▶ **Assignment**
Every line from the top of the records below through the one containing "Casas Do Monte *" must be copied exactly, and the pictures must not be.

▶ **Pictures with short captions**

------

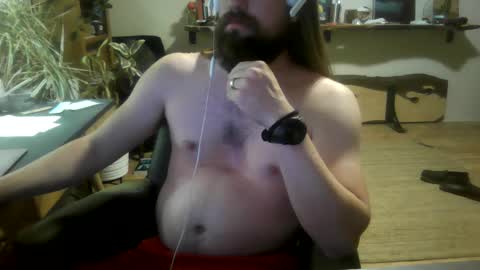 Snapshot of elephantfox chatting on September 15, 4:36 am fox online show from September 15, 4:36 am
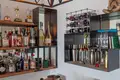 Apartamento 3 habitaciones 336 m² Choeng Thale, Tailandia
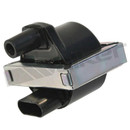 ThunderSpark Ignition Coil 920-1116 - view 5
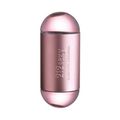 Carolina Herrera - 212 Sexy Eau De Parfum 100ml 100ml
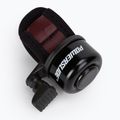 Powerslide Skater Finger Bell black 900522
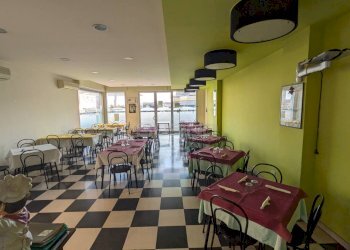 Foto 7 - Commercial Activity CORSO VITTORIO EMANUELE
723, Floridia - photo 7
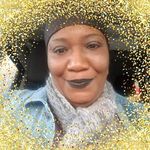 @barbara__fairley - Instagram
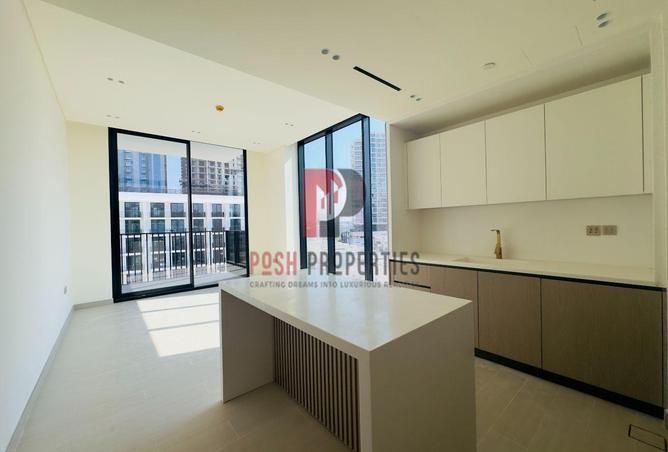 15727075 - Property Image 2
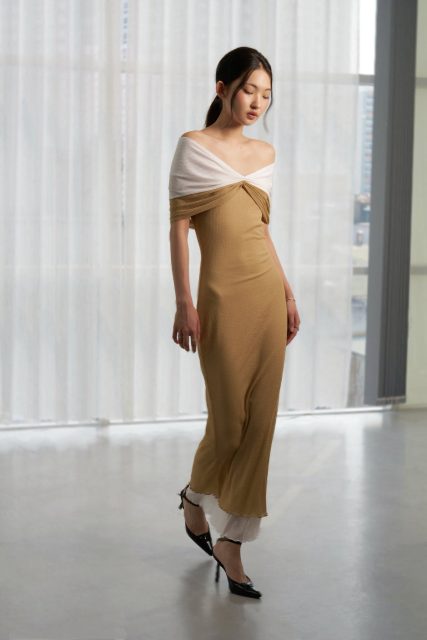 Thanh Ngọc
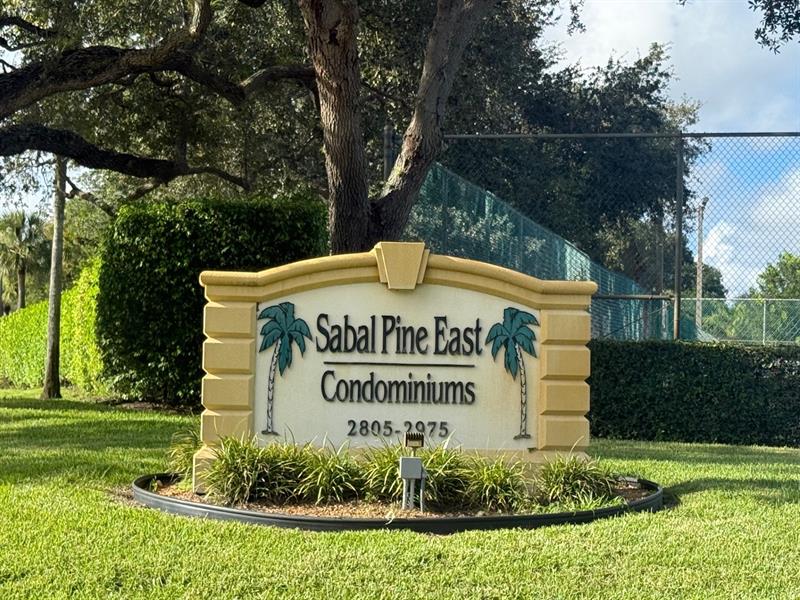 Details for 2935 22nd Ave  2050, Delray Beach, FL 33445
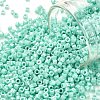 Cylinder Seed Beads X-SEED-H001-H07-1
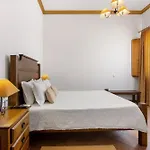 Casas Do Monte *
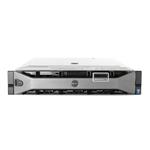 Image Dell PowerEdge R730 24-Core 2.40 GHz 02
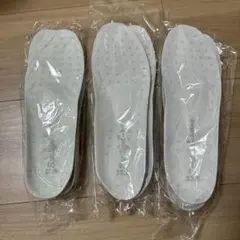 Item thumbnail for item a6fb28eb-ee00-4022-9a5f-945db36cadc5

------

▶ **Response box**
 Snapshot of elephantfox chatting on September 15, 4:36 am fox online show from September 15, 4:36 am
 Apartamento 3 habitaciones 336 m² Choeng Thale, Tailandia
 ThunderSpark Ignition Coil 920-1116 - view 5
 Carolina Herrera - 212 Sexy Eau De Parfum 100ml 100ml
 Powerslide Skater Finger Bell black 900522
 Foto 7 - Commercial Activity CORSO VITTORIO EMANUELE
723, Floridia - photo 7
 @barbara__fairley - Instagram
 15727075 - Property Image 2
 Thanh Ngọc
 Details for 2935 22nd Ave  2050, Delray Beach, FL 33445
 Cylinder Seed Beads X-SEED-H001-H07-1
 Casas Do Monte *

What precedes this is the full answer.